Group-Free 3D Object Detection via Transformers

Overview

Group-Free 3D Object Detection via Transformers

By Ze Liu, Zheng Zhang, Yue Cao, Han Hu, Xin Tong.

This repo is the official implementation of "Group-Free 3D Object Detection via Transformers".

teaser

Updates

  • April 01, 2021: initial release.

Introduction

Recently, directly detecting 3D objects from 3D point clouds has received increasing attention. To extract object representation from an irregular point cloud, existing methods usually take a point grouping step to assign the points to an object candidate so that a PointNet-like network could be used to derive object features from the grouped points. However, the inaccurate point assignments caused by the hand-crafted grouping scheme decrease the performance of 3D object detection. In this paper, we present a simple yet effective method for directly detecting 3D objects from the 3D point cloud. Instead of grouping local points to each object candidate, our method computes the feature of an object from all the points in the point cloud with the help of an attention mechanism in the Transformers, where the contribution of each point is automatically learned in the network training. With an improved attention stacking scheme, our method fuses object features in different stages and generates more accurate object detection results. With few bells and whistles, the proposed method achieves state-of-the-art 3D object detection performance on two widely used benchmarks, ScanNet V2 and SUN RGB-D.

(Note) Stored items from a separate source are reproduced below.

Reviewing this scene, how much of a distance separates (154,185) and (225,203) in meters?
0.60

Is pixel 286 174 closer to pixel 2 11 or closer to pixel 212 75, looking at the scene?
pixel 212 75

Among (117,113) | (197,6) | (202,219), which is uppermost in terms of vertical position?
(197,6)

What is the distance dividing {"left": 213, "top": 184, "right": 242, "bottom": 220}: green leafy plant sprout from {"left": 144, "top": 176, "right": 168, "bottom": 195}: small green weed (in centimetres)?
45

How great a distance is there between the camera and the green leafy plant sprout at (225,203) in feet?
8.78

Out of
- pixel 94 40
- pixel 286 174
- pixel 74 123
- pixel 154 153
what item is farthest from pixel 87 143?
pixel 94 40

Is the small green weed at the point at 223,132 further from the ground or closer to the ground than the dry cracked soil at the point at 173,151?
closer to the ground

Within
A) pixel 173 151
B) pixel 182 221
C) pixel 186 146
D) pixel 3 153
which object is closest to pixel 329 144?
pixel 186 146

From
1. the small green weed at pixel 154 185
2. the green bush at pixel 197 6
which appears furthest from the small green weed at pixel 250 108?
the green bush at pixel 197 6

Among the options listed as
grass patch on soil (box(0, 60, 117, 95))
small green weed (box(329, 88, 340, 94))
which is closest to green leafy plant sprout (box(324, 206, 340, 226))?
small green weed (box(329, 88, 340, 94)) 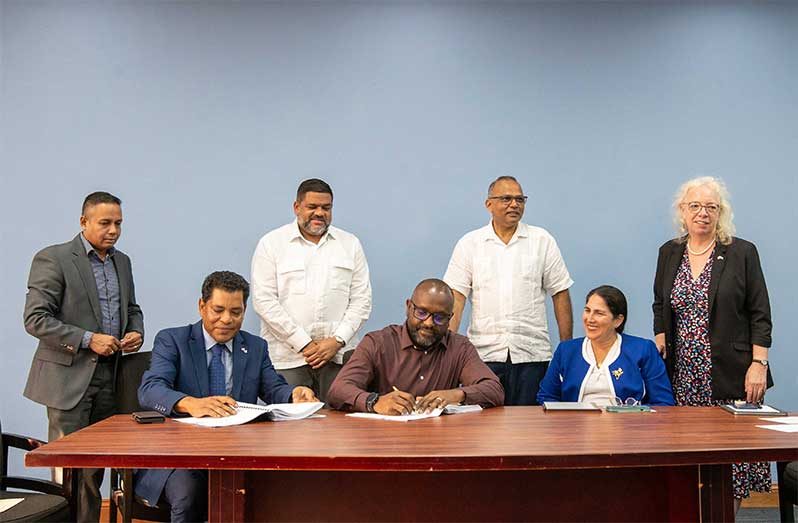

In this repository, we provide model implementation (with Pytorch) as well as data preparation, training and evaluation scripts on ScanNet and SUN RGB-D.

Citation

@article{liu2021,
  title={Group-Free 3D Object Detection via Transformers},
  author={Liu, Ze and Zhang, Zheng and Cao, Yue and Hu, Han and Tong, Xin},
  journal={arXiv preprint arXiv:2104.00678},
  year={2021}
}

Main Results

ScanNet V2

Method backbone [email protected] [email protected] Model
HGNet GU-net 61.3 34.4 -
GSDN MinkNet 62.8 34.8 waiting for release
3D-MPA MinkNet 64.2 49.2 waiting for release
VoteNet PointNet++ 62.9 39.9 official repo
MLCVNet PointNet++ 64.5 41.4 official repo
H3DNet PointNet++ 64.4 43.4 official repo
H3DNet 4xPointNet++ 67.2 48.1 official repo
Ours(L6, O256) PointNet++ 67.3 (66.2*) 48.9 (48.4*) model
Ours(L12, O256) PointNet++ 67.2 (66.6*) 49.7 (49.3*) model
Ours(L12, O256) PointNet++w2× 68.8 (68.3*) 52.1 (51.1*) model
Ours(L12, O512) PointNet++w2× 69.1 (68.8*) 52.8 (52.3*) model

SUN RGB-D

Method backbone inputs [email protected] [email protected] Model
VoteNet PointNet++ point 59.1 35.8 official repo
MLCVNet PointNet++ point 59.8 - official repo
HGNet GU-net point 61.6 - -
H3DNet 4xPointNet++ point 60.1 39.0 official repo
imVoteNet PointNet++ point+RGB 63.4 - official repo
Ours(L6, O256) PointNet++ point 62.8 (62.6*) 42.3 (42.0*) model

Notes:

  • * means the result is averaged over 5-times evaluation since the algorithm randomness is large.

Install

Requirements

  • Ubuntu 16.04
  • Anaconda with python=3.6
  • pytorch>=1.3
  • torchvision with pillow<7
  • cuda=10.1
  • trimesh>=2.35.39,<2.35.40
  • 'networkx>=2.2,<2.3'
  • compile the CUDA layers for PointNet++, which we used in the backbone network: sh init.sh
  • others: pip install termcolor opencv-python tensorboard

Data preparation

For SUN RGB-D, follow the README under the sunrgbd folder.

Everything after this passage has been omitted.